Is this coming from Malawi’s leading creator of the free-floating currency market and student of the Bretton Woods Accord? Because the other more relevant side of Chuka’s question should be: Who can afford not to buy the green buck?

Can Malawians, including the business community, do without the dollar, the world’s reserve currency? How will we import drugs, raw materials, fertiliser, service our debts, bring in toothpicks (whew!) and clothes?

Because we do not have a choice, we will continue to seek the dollar at any price provided it continues to be in short supply. As long as we don’t generate enough forex, as long as we import more than we export and as long as the kwacha remains floated, chances are that we might pay as much as K1 000 to buy one US dollar.

The basic forces of supply and demand drive the forex market. And what drives supply and demand in the forex market? Well, it is those little fellows called trade flows, investment flows, money supply and the deficit of confidence that comes with investor fears.

Let us take trade flows for a start. According to the balance of payment theory, a country with a huge trade deficit such as Malawi suffers from a decline in value of its currency.

Malawi’s demand for foreign goods is higher than foreigners’ demand for our goods. That is why our trade balance keeps widening and so far, even with half-hearted attempts at promoting exports, there is no sign this trend will be reversed in the short to medium term.

It also explains why the demand for forex (especially the dollar) has been rising and the supply of the kwacha has been rising too as more of the local unit is needed to compete for the few dollars.

It follows then that the jump in demand for the forex boosts the values of those currencies while the rising supply of the kwacha to chase the hard currency weakens the value of our local unit; hence, the kwacha, subjected to these market forces, is depreciating every day.

Governor Chuka knows that in the foreseeable future, this will always be the case unless there is a dramatic injection of forex that wipes out the imbalances, which, if you ask me, is a far-fetched dream.

When it comes to investment flows, not much of our assets are being bought to strengthen our kwacha. As for foreign direct investment (FDI), international investors are reluctant to put money in a country where water and electricity supply is unreliable, inflation is unpredictable and the business environment is generally unfriendly. So, there is little help for the beleaguered kwacha from that end.

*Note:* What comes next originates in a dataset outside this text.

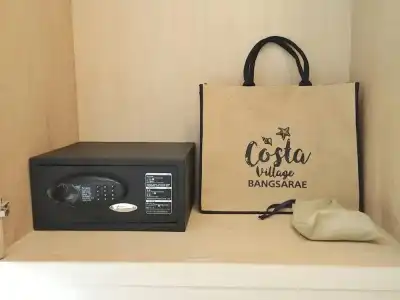 Costa Village Bangsaray - 168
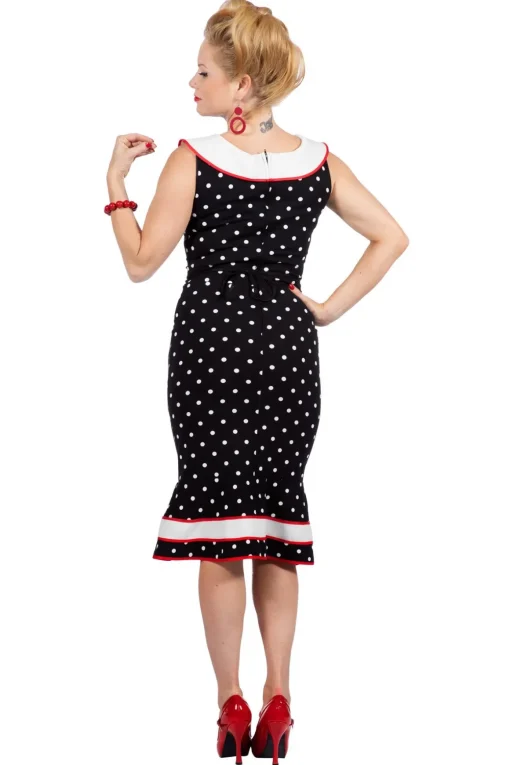 Rockabilly Betty Kjole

And while government says money supply—the amount of a currency circulating through the economy—has slowed down from an average of 35 percent during the 12-month period to April 2012 to 18 percent at end-November—such monetary expansion remains high enough to continue undermining the local unit.

On investor fear, nothing could be more destabilising to the local unit than investors who are not confident that the kwacha instability will end.

Of course, RBM and its supporters of the central bank’s current monetary policies—the Economics Association of Malawi, the Malawi Confederation of Chambers of Commerce and Industry and Financial Dealers Association of Malawi, are all claiming that investor confidence is returning to the local financial market.

But none of them has measured it or come up with definitive proof. Such lack of concrete information always has the potential to inject fear in folks dealing in forex.

Given the above analysis and in view of the trend since the kwacha’s flotation in May 2012, the kwacha—barring divine intervention and a change in the policy mix—may easily hit the K400/$ mark before the end of the current financial year.